Some locations, such as the United States and countries in the United Kingdom, prohibit the sale of dipyrone. The veto is due to the possible risks associated with the drug, especially in relation to agranulocytosis – a condition that causes a drop in the levels of granulocytes (white blood cells) in the blood and that can be fatal.

However, studies that correlate these effects with substance use are controversial. So much so that, as in Brazil, the drug is sold in some European countries. In an evaluation panel developed to clarify the risks of dipyrone, released in 2001, ANVISA (regulatory agency of the Ministry of Health) reached some conclusions:

  • The risks attributed to the use of dipyrone in our population are low, and the available scientific data indicating the occurrence of these
    risks is not sufficient to indicate a change in regulatory status (sale without prescription);
  • The risks of dipyrone are similar to, or less than, that of other analgesics / antipyretics available on the market;
  • The change in the current regulation of dipyrone would incur negative aspects for the population, increasing the risks of using other drugs indicated for the same therapeutic purpose.

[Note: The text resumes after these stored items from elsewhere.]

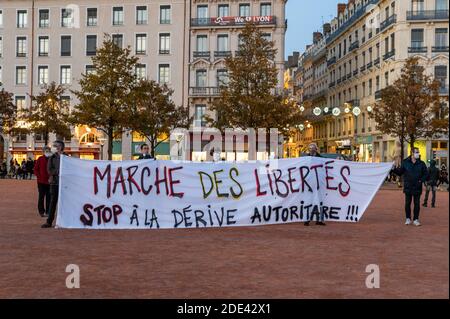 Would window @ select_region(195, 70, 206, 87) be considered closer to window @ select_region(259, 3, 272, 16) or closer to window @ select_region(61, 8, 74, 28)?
window @ select_region(259, 3, 272, 16)

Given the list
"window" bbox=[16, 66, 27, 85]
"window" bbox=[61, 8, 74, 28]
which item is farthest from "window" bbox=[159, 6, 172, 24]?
"window" bbox=[16, 66, 27, 85]

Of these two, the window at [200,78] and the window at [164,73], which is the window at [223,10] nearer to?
the window at [200,78]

These results played an important role in the decision to maintain the regulation of the drug in Brazil.


If you are pregnant, even in the second trimester of pregnancy, talk to your obstetrician before using dipyrone. Also remember to notify your doctor of pregnancy or if there is a possibility that you may be pregnant.

If you are in the first or third trimester, stay away from the medication and prefer other options that a specialist can indicate.